Com respeito àquela grande inquirição: “O que
determina a vontade?”, seria muito tedioso e desnecessário, no momento, examinar
todas as variadas opiniões que têm sido apresentadas com relação a esse
assunto. Também não é necessário que eu entre em uma discussão particular de
todos os pontos debatidos nas disputas sobre esta outra questão: “Por acaso a
vontade segue sempre o ultimo ditame do entendimento?” É o suficiente para o
meu presente propósito dizer que o motivo que, como se apresenta à
consideração da mente, for o mais forte, é o que determina a vontade. Mas pode ser
necessário que eu explique um pouco o que quero dizer.
Por motivo quero dizer o todo daquilo que move, estimula ou convida a mente à volição, quer seja uma coisa isolada ou muitas coisas
conjuntamente. Muitas coisas específicas podem concorrer e unir suas forças
para induzir a mente, e, quando isso ocorre, todas elas juntas são como um motivo complexo. E quando falo do motivo mais forte, tenho em mente a força do todo
que opera para induzir um ato particular de volição, quer seja a força de uma
coisa isolada ou de muitas coisas juntas.

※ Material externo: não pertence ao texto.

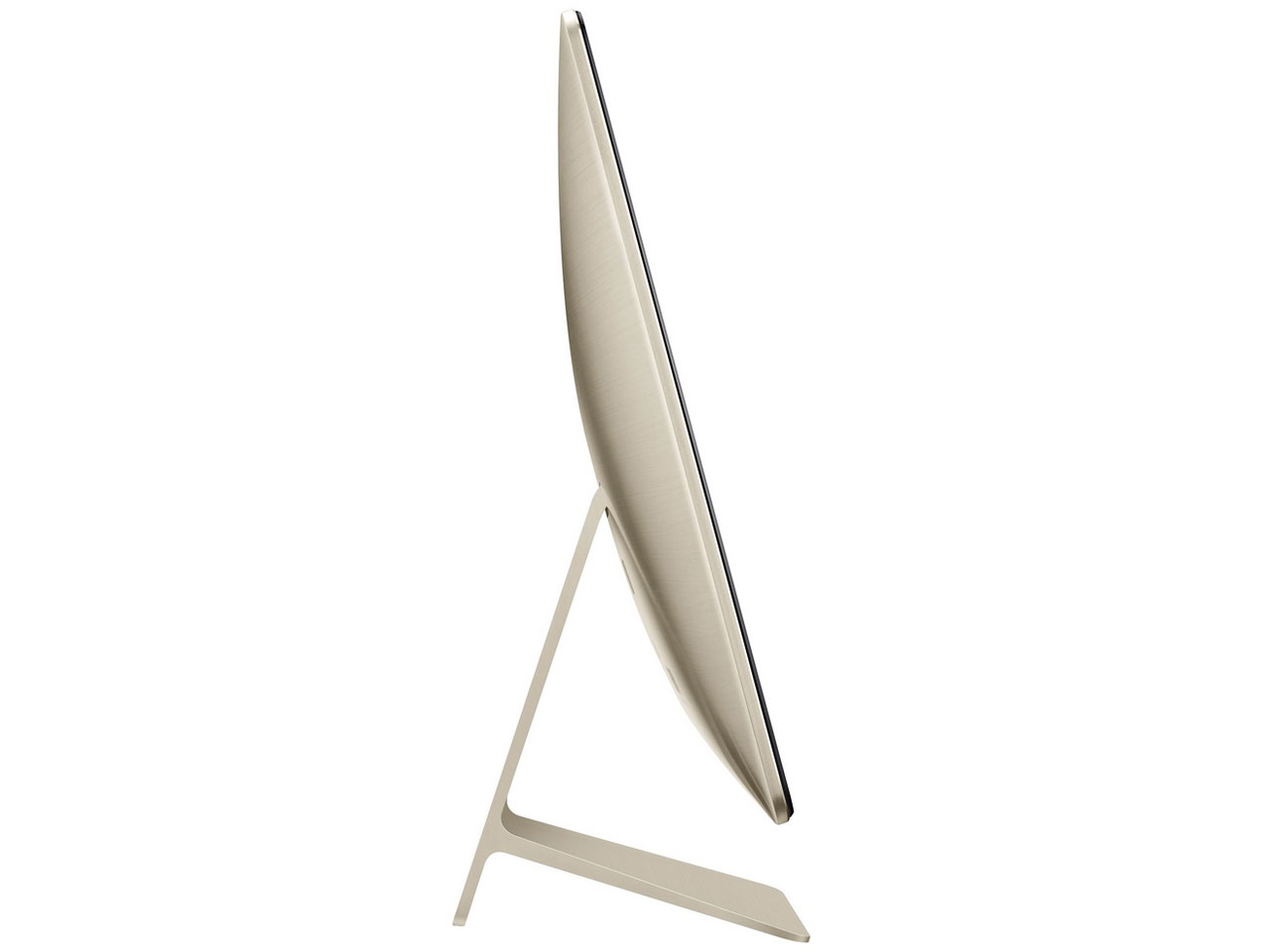 Zen AiO Z220ICUK Z220ICUK-GC002X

O que quer que seja objetivamente um motivo, nesse
sentido, deve ser algo que existe na visão ou apreensão do entendimento,
ou da faculdade perceptiva. Nada pode induzir ou convidar a mente a querer ou
agir sobre algo, a menos que seja percebido ou esteja de uma forma ou outra
na visão da mente. Pois aquilo que é totalmente imperceptível e está perfeitamente fora
da vista da mente não pode afetá-la de forma alguma. É muito evidente que nada
está na mente ou a alcança, ou se apossa de qualquer parte dela, de alguma outra maneira que não seja pela percepção ou pelo pensamento.

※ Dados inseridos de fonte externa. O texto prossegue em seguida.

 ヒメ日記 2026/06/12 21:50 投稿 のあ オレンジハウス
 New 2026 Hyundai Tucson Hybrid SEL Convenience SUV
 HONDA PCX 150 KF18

E penso que todos devem concordar que tudo o que é
propriamente chamado um motivo, estímulo ou indução a um agente perceptivo e
volitivo tem algum tipo e grau de tendência ou vantagem para mover ou estimular a
vontade, prévio ao efeito ou ao ato da vontade estimulada. Essa tendência prévia
do motivo é o que eu chamo de a sua força. Aquele motivo que tem um menor grau
de vantagem prévia ou tendência para mover a vontade, ou que parece menos
convidativo na maneira como se apresenta à vista da mente, é o que chamo de um motivo mais
fraco. Ao contrário, aquele que parece mais convidativo e tem, pelo que o entendimento ou apreensão atribui a ele, o maior grau ou tendência
prévia a estimular e induzir a escolha é o que chamo de motivo mais forte. E, nesse
sentido, suponho que a vontade é sempre determinada pelo motivo mais forte.

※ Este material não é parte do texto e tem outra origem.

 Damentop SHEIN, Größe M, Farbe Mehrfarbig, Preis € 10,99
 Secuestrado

As coisas que estão ao alcance da vista da mente têm sua
tendência ou vantagem para mover ou estimular a vontade devido a muitas fatores pertencentes à natureza e circunstâncias da coisa observada, à natureza e
circunstâncias da mente que vê e ao grau e maneira da vista. Essas coisas talvez
sejam difíceis de ser perfeitamente enumeradas. Mas penso que pode ser
suficientemente determinado, de maneira geral, sem espaço para controvérsia, que o que
é percebido ou apreendido por um agente inteligente e voluntário, que tenha a
natureza e influência de um motivo para a volição ou escolha, é considerado ou
visto como bom. E essa coisa não tem tendência alguma para assegurar a eleição da alma
em nenhum grau maior a menos que apareça como tal. Pois dizer o contrário seria
dizer que as coisas que surgem [diante da mente] têm uma tendência, pela aparição que fazem, de
obrigar a mente a escolhê-las, de alguma outra forma que não seja aparecendo
como elegíveis para ela, o que é absurdo. Portanto deve ser verdade, em algum
sentido, que a vontade sempre é como o maior bem aparente é. Mas, apenas para o
correto entendimento disso, duas coisas devem ser bem e distintamente
observadas.
1. Deve ser observado em que sentido uso o termo
“bom”, isto é, com o mesmo significado de “agradável” [agreeable]. Parecer bom para a
mente, como uso a frase, é o mesmo que parecer agradável ou aprazível à mente. Certamente
nada que seja considerado mau e desagradável parece convidativo e elegível para a mente, ou tende a atrair sua
inclinação e escolha; e nem, de
fato, nada que seja indiferente, nem agradável nem desagradável. Mas se tende a atrair a
inclinação e mover a vontade deve estar sob a noção daquilo que se acomoda à mente. Portanto, aquilo que, como se mostra à vista da mente, acomoda-se mais a
ela e mais lhe agrada deve ter a maior tendência de atrai-la e ativá-la. Nesse sentido, é o maior bem aparente: dizer o contrário está, no mínimo, um pouco próximo de uma contradição direta e clara.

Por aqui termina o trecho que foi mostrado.